We’re looking at maybe a 2.4% (12s) improvement on average, but with a std dev of 8s, this is basically a wash.

gbutler · May 20, 2019, 8:18pm

That’s for a full-build right? What about with the following:

After a full build, just touch main.rs/lib.rs and try again
After a full build, touch all the src files in the main package and try again

jsgf · May 20, 2019, 8:48pm

Thanks for working on this! It's great! I posted about this a few months ago so I'm pleased to see you've implemented more or less exactly what I was thinking about.

I'm glad that there are no perf regressions, but I'd be surprised to see much improvement on machines with <=4 cores. But the 10+ core machines often end up starving when there's a bottleneck crate in the middle of the dep graph.

Even though the .rmeta is being used as the interface, I'm assuming that it has internal implementation details, since Rust relies a lot on its inlining, and it also needs to make sure the SVH is propagated through properly. I'm going to implement pipelining in Buck when I get the chance, and since Buck is entirely content/content-hash driven, it will demonstrate this one way or the other.

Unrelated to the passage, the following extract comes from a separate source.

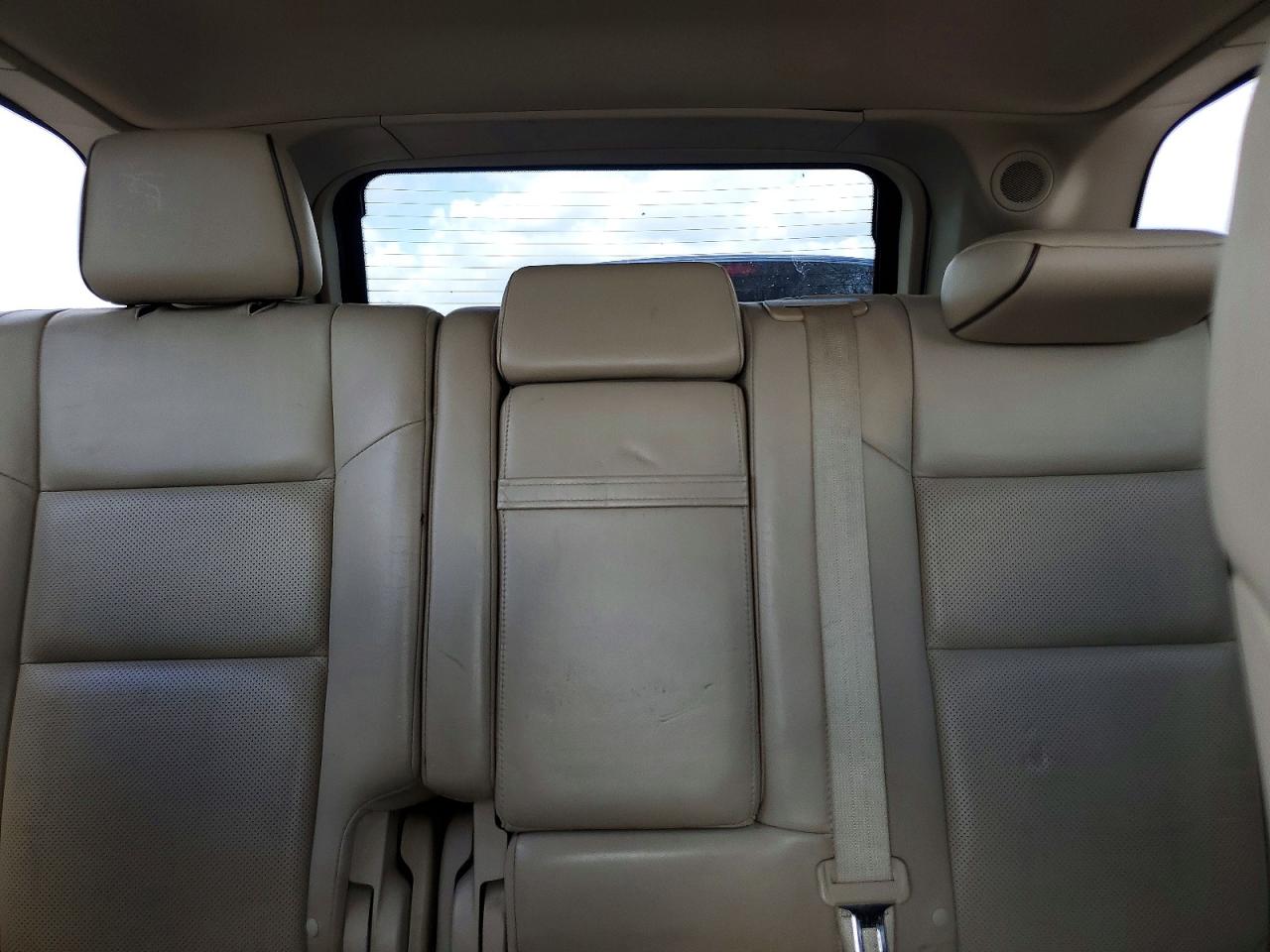 2012 Jeep Grand Cherokee Overland White vin: 1C4RJECT4CC362813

erahm · May 20, 2019, 9:09pm

For Firefox there’s not really a main lib, so I’m not sure what we’d want to mess with. I currently have ~10,000 .rs files and ~400 lib|main.rs files under my tree.

gbutler · May 20, 2019, 9:21pm

What about “Release” builds? My understanding is that it is expected for bigger gains there.

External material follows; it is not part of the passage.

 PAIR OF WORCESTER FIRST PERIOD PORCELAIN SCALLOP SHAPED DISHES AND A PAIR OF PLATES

vi0 · May 20, 2019, 11:27pm

Tried building websocat, multiple times both with CARGO_BUILD_PIPELINING=false and CARGO_BUILD_PIPELINING=true and saw no difference, both in release and in debug mode.

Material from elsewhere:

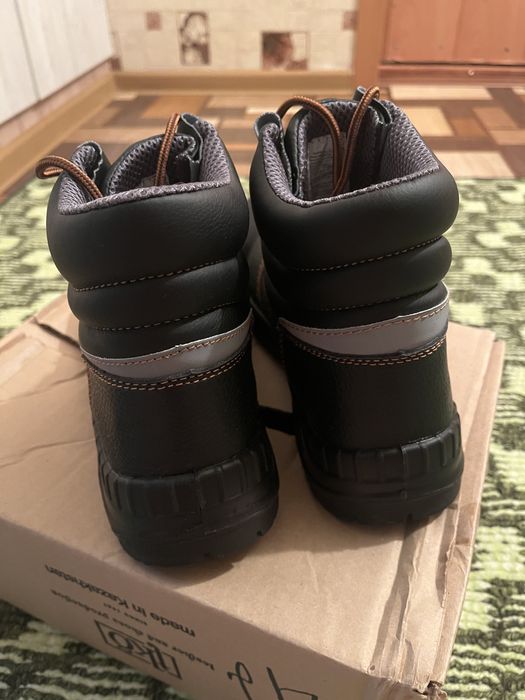 Продам ботинки демисезонные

GregBowyer · May 21, 2019, 3:50am

Is there a cheat sheet for how this calls rustc, it would be good to pull this potentially into the bazel rust rules.

erahm · May 21, 2019, 4:16am

Firefox “release” (as in non-debug), basically same results: 12s (2.7%) w/ stdev of 7s.

djc · May 21, 2019, 7:33am

For quinn (146 targets to build):

$ cargo +nightly clean && cargo +nightly build
real	0m36.728s
user	3m33.460s
sys	0m17.615s
$ cargo +nightly clean && CARGO_BUILD_PIPELINING=true cargo +nightly build
       33.34 real       223.06 user        17.78 sys
$ cargo +nightly clean && time cargo +nightly build --release
real	1m11.022s
user	9m18.169s
sys	0m19.508s
$ cargo +nightly clean && CARGO_BUILD_PIPELINING=true time cargo +nightly build --release
       64.22 real       579.72 user        19.39 sys

So that’s a ~10% speedup for both release builds and debug builds (macOS laptop).

euclio · May 21, 2019, 5:32pm

Does this work with the compiler bootstrap? Has anyone profiled it?

SimonSapin · May 22, 2019, 5:51pm

Compiling Servo with time ./mach build --dev (which pretty calls cargo build) with rustc 1.36.0-nightly (50a0defd5 2019-05-21) on a desktop CPU with 4 cores / 8 threads.

First after cargo fetch and cargo clean. This involves 626 crates and significant amount and C and C++ code.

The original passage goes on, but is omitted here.